My assessment (not that anyone cares) is if you take Byrne's account and remove the self-aggrandized bits and his weakness for affinity-bias, you get a VERY compelling picture of what likely happened. In short, Trump put too much faith into a clearly feeble Rudy (who wasn't cut out for the job, and frankly looked on TV to be only few years behind Biden on the Pathway to "huh?") and an incompetent set of bureaucrats. Byrne's account is VERY accurate for those of us who've seen good and bad "war room" types of operations. His observation about law firm management is spot-on.
I doubt very much the "look at how badazz I am" dimension of his Thanksgiving Day dressing down of the Mediocrity though he strikes me as the type of guy who likely gave the Mediocrity a piece of his mind. It's also very likely that Powell and Byrne share a similar mindset and that affinity-bias likely clouds any related objectivity in his accounting.
But these are details.
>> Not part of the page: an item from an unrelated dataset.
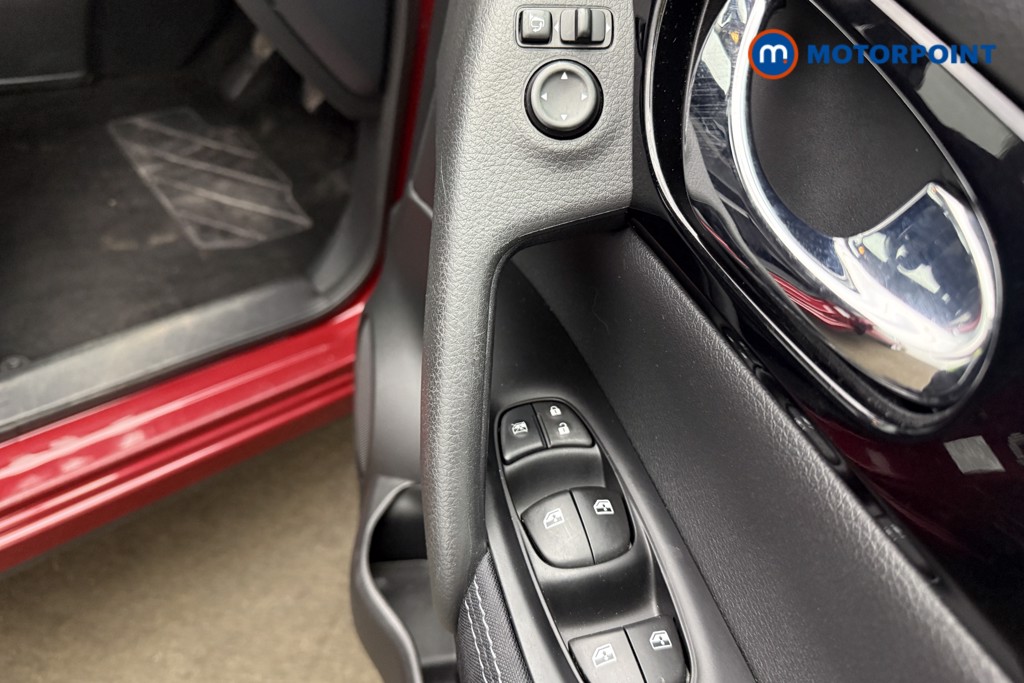 Nissan Qashqai Acenta Premium Manual Petrol SUV - Stock Number (1632629) - 16th supplementary image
The incompetence detailed in this account rings very true. Yes, the law breakers are the guilty parties. They had the upper hand, and clearly also had many tentacles. But three teams beat the Pats in the Super Bowl over the years...an outstanding defense with bright people hungry for truth may have made a difference. Sadly, it seems same part of the President's brain that gave us Sessions likely gave us Rudy.
And, swilling in the background, is the erstwhile Royal Couple who got $100 million for the “stop the steal”, but then did not release a penny - who sabotaged DJT with bad advise on hires (like Sessions and Rex) only a Democrat or Deep Stater would love. The incompetence was the end goal for those two NY Dems ...
This-—with all your qualifications, which are accurate-—speaks to Trump’s greatest weakness as president, his personnel selection.
I’m a little surprised, but it suggests he ran the Trump org with one right-hand man and the kids. His picks at AG, SecState, FBI, CIA, Chief of Staff, NSA, and White House spokesman (til Sanders and McElenny (sp) were flat horrible. Pompeo was great, but he had to go through Tillerson first. Barrstool was as bad, if not worse than Sessions-—with the exception that they really did a great deal on child trafficking. De Vos was ok, Zincke and Ross were great, but SecDefs were bad. Omarosa was a joke. He shouldn’t have kept Ronna McDaniel the first time, let alone the second.
You wonder how he achieved so much in private business without being able to read people better.
Some of it is explainable by wanting to rally Republicans behind him; maybe some is that he thought they’d see how quickly he was succeeding and pitch in for America. Maybe he couldn’t afford to put someone like Cruz in a key position (maybe Cruz didn’t want it) and maybe some senators were afraid of costing Rs the majority. But whatever the explanation, the jury is still out on the USSC justices and the “must have” control positions in gubment were for the most part bad choices.